The only way I see it as a functional substitute is if it can be passed an explicit set of configurations from which to generate the metadata and still work with any other configurations. Otherwise it's going to be very difficult to work with - I don't see how we can activate all possible configurations when writing checksums.

[gautamworah96]

My understanding was that check was a superset of almost every other configuration. In case, we wanted to add other detached configurations we could disableDependencyVerification() for them.

However, this seems like too much work for something so simple :)
I'll close this PR and wait silently until gradle adds an option for verifying just some select configurations. Or maybe work on adding it :p

Thanks for reviewing anyways!

[dweiss]

Check is just a convention aggregation task, nothing else. We have tons of other stuff that isn't connected with check in the execution graph - I bet some of these dependencies/ configurations are in in plugins and it'd be difficult to even hook into them to disable automatic dependency verification.

The work on this attempt isn't lost though (thank you!). Let's keep an eye on what happens with gradle's built-in checkums and retry the attempt when it's more flexible.

[gautamworah96]

Thanks, this looks suspiciously simple!... :) I'll be glad to experiment with it a bit.

💯

I'm not a big fan of the monolithic checksum file - the expanded version (per-jar checksum) seems easier.

I actually thought having a single file would be better for editing and understanding dependencies from a single place.
I don't think there is a way to give multiple checksum file inputs to gradle at this moment.

[dweiss]

It's fine.
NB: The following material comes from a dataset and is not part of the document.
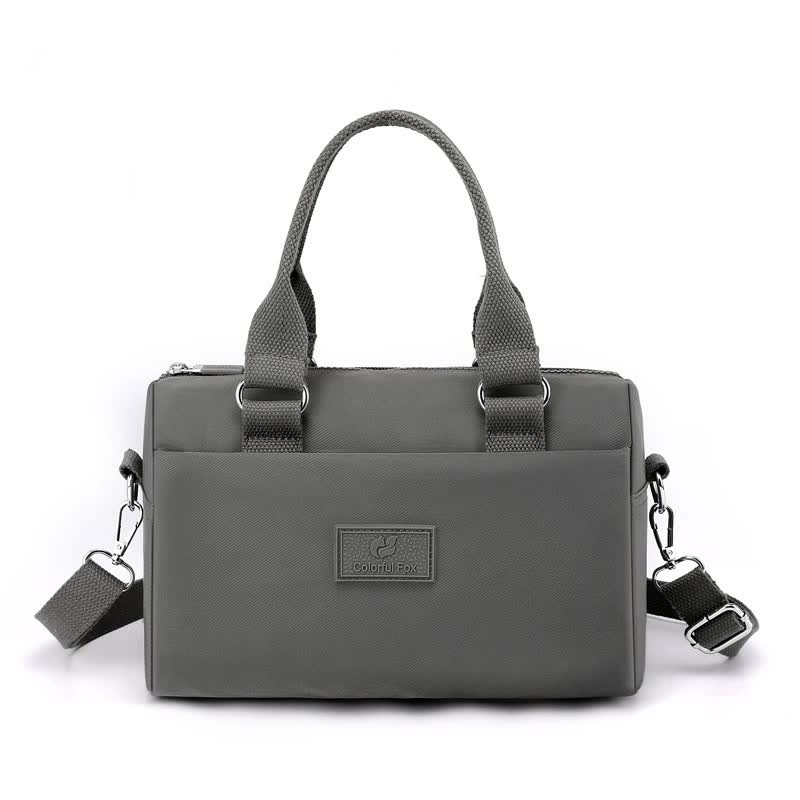 Nylon Crossbody Shoulder Bag Handbag Lightweight Multi Pocket Grey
I kind of prefer filesystem (file name)-based correspondence of checksums to files but I can live with a monolithic file too.

[gautamworah96]

Some closing notes: We found the current gradle checksum verification functionality unsuitable for our use case.
The current functionality records all dependencies (plugins et al) for a given configuration that was used to generate the verification-metadata.xml file. However, it fails builds on other configurations that use other external dependencies.

When could this possibly work? If gradle were to check dependencies only when the task that was used to generate the metadata file is executed, it would allow developers to safely create more configurations (with other dependencies) without the restriction of adding them to the global metadata file.